RECORDS SUPPLIED:
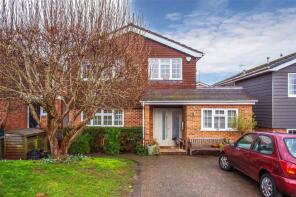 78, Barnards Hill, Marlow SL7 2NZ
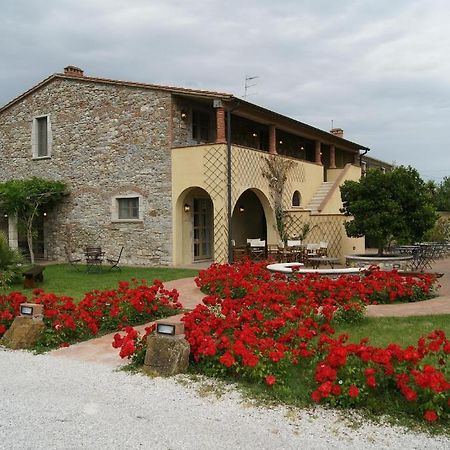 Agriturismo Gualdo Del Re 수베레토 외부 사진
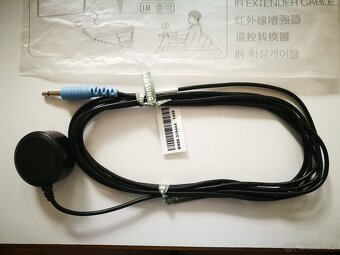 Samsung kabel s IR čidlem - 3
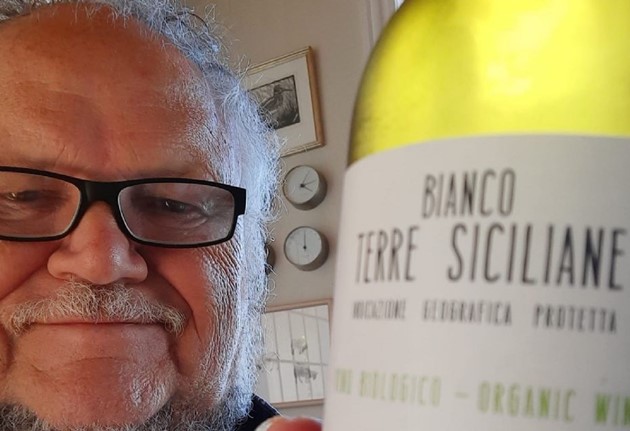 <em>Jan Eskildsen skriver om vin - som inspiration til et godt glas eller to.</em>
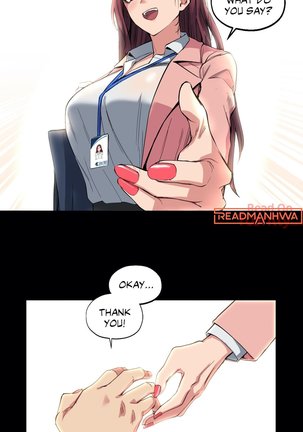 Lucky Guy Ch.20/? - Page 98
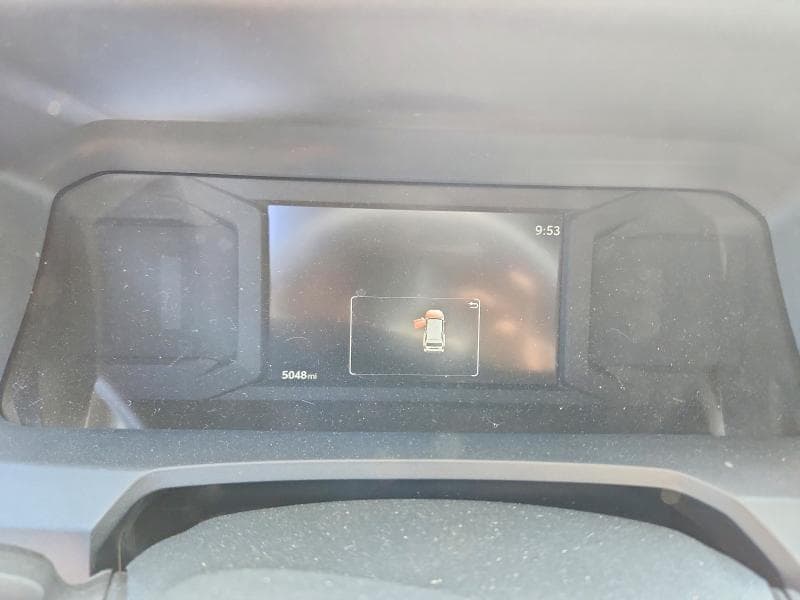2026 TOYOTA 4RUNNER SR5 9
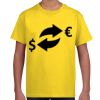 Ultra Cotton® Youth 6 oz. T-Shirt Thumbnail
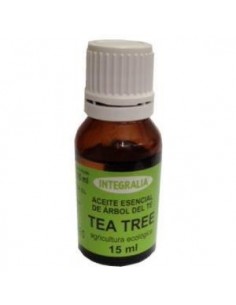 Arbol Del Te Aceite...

PROBLEM STATEMENT: Set down each record above exactly as it stands and leave out all pictures.

OUTPUT:
 78, Barnards Hill, Marlow SL7 2NZ
 Agriturismo Gualdo Del Re 수베레토 외부 사진
 Samsung kabel s IR čidlem - 3
 <em>Jan Eskildsen skriver om vin - som inspiration til et godt glas eller to.</em>
 Lucky Guy Ch.20/? - Page 98
2026 TOYOTA 4RUNNER SR5 9
 Ultra Cotton® Youth 6 oz. T-Shirt Thumbnail
 Arbol Del Te Aceite...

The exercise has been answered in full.